■ TASK MATERIAL ■
######
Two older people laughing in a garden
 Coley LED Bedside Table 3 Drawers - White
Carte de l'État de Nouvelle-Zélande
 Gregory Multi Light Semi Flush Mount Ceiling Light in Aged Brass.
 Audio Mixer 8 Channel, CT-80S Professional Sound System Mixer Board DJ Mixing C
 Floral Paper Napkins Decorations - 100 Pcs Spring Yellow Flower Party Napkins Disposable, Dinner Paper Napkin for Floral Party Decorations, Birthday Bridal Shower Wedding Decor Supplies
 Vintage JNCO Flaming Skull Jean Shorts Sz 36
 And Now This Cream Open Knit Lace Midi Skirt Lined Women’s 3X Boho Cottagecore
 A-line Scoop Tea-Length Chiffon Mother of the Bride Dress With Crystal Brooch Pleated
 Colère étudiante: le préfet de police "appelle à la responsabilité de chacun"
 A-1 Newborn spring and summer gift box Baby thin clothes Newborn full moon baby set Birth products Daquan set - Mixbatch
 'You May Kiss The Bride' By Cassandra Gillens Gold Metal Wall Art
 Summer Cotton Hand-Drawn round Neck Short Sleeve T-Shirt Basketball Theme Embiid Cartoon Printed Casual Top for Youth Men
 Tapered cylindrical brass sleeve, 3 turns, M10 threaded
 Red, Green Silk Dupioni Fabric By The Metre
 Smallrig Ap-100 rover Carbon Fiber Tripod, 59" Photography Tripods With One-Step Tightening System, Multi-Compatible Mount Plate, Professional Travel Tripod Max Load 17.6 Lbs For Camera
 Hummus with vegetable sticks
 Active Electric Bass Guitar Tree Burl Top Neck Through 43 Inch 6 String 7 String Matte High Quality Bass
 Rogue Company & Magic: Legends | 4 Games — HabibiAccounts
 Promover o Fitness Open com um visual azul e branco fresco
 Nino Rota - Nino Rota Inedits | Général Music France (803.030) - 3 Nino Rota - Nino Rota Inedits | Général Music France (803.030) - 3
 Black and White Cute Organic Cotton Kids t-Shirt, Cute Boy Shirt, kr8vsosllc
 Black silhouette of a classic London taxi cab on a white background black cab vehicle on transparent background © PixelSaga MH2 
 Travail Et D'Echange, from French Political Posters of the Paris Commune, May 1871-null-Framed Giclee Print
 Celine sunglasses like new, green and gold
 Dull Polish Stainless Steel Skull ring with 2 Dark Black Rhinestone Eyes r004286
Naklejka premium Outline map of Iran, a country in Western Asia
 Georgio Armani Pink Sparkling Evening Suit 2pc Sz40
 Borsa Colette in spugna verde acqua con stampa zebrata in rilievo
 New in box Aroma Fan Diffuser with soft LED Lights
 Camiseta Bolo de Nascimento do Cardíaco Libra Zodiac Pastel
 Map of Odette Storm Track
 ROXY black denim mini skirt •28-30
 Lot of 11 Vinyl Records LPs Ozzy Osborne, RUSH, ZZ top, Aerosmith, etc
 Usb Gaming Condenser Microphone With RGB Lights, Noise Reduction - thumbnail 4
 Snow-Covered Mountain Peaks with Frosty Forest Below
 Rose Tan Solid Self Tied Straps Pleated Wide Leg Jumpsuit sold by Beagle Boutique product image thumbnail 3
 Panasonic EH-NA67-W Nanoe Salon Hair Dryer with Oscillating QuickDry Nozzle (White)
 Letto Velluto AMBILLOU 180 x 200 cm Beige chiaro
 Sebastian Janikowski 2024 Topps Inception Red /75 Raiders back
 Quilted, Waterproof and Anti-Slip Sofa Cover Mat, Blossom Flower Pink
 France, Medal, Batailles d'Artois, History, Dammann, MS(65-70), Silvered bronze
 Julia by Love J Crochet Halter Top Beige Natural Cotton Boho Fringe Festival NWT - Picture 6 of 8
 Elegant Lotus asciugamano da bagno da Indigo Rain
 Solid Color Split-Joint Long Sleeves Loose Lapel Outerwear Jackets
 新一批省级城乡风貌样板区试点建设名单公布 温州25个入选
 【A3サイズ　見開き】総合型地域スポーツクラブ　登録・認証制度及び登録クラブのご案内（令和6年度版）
######
Everything from the first line of the data through the line holding "Audio Mixer 8" should be output exactly, and no other lines.

■ RESULT FOR THIS EXERCISE ■
Two older people laughing in a garden
 Coley LED Bedside Table 3 Drawers - White
Carte de l'État de Nouvelle-Zélande
 Gregory Multi Light Semi Flush Mount Ceiling Light in Aged Brass.
 Audio Mixer 8 Channel, CT-80S Professional Sound System Mixer Board DJ Mixing C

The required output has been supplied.